Work to complete — Copy the listing exactly, images excluded.

Data shown —
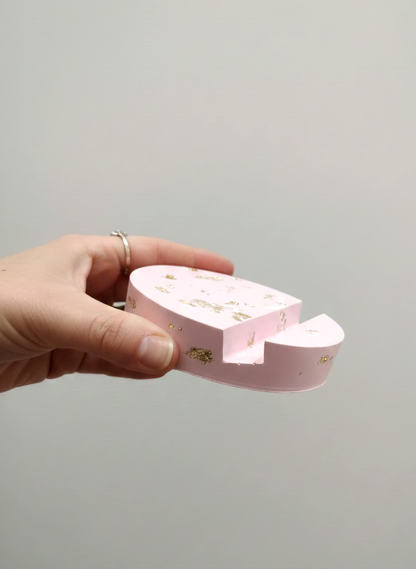 supporto per telefono in resina ecologica, relax, utile, casa, ufficio, scrivania, idea regalo, lavoro, natale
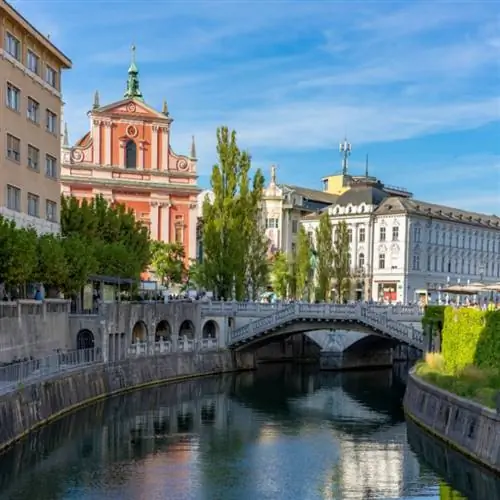 Любянские дома и река с мостом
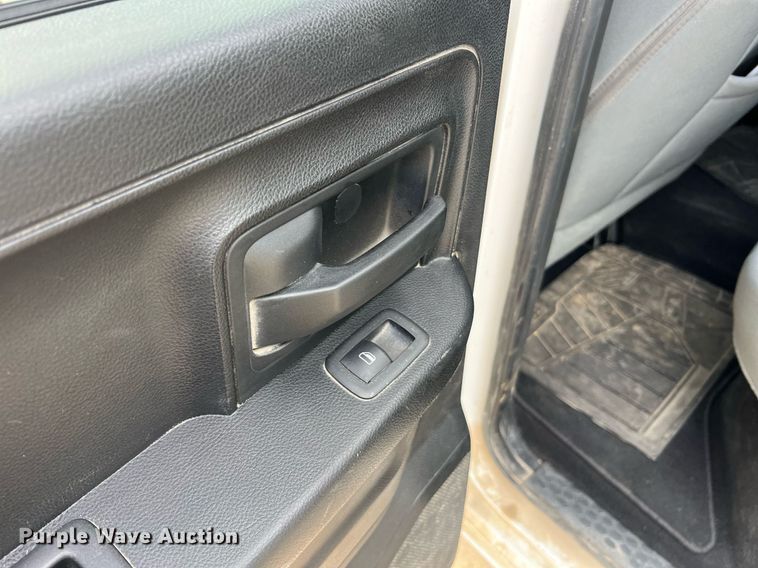 image for item NA9056 2013 Dodge Ram 1500  Crew Cab pickup truck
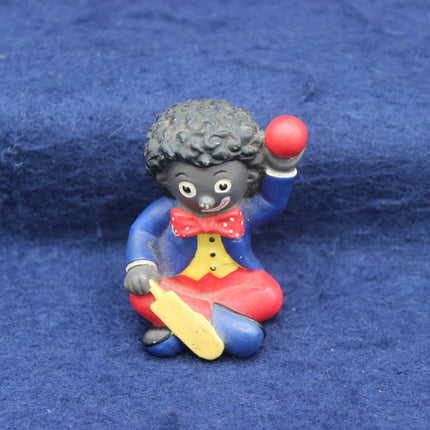 Golly Cricketer Figure – 6cm Vintage Display Piece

Reply to the exercise —
 supporto per telefono in resina ecologica, relax, utile, casa, ufficio, scrivania, idea regalo, lavoro, natale
 Любянские дома и река с мостом
 image for item NA9056 2013 Dodge Ram 1500  Crew Cab pickup truck
 Golly Cricketer Figure – 6cm Vintage Display Piece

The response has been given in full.